What Apple did announce is that the batteries in all four models of the iPhone 15 last twice as long as the company originally claimed. Originally, battery capacity was listed at 80 percent of the original full charge after 500 cycles. Now, that same capacity rate applies to 1,000 cycles. The improvement, Apple says, comes courtesy of advanced battery tech and better power management from the operating system. It’s true battery technology has improved in capacity over the years, but longevity hasn’t gone up across the board, as a study by PhoneArena makes clear.

More advancements in battery life spans may be on the horizon particularly as the EV industry grows, which also relies on lithium-ion cells. For now, declining battery health is usually the most noticeable issue affecting older phones. This year, the European Parliament voted for rules surrounding battery-powered devices and included a mandate to allow consumers to “easily remove and replace” batteries. That won’t go into effect until 2027, and there will be plenty of interpretation as to what “easily” means. But EU mandates are what made Apple finally ditch Lightning ports on iPhones in favor of USB-C, so this could eventually be a step towards (once again) having smartphones with swappable batteries.

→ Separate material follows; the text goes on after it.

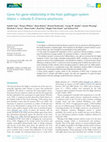 Research paper thumbnail of Gene-for-gene relationship in the host-pathogen system Malus  ×  robusta 5- Erwinia amylovora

Even in the US, legislation will soon compel companies to make repair a better option. Right-to-repair bills were passed last year in New York, Minnesota and other states. California has the strongest rule, and it even garnered Apple’s support. Once the law goes into effect in July, it will require companies to provide repair tools and documentation, and to sell components for seven years after the last new model is made for any device costing more than $100. Of course, the law didn’t say anything about prohibiting “parts pairing,” in which a device only works properly when repaired with official parts by a manufacturer-authorized repair center.

Currently, a number of phones have decent repairability scores, according to the online repair community iFixit (the FairPhone 5 gets the highest marks). After California’s law goes into effect, more models may become user-repairable, considering few manufacturers are likely to ignore the state’s nearly 40 million customers. In the meantime, authorized repair is an option, as is self-repair for the more industrious.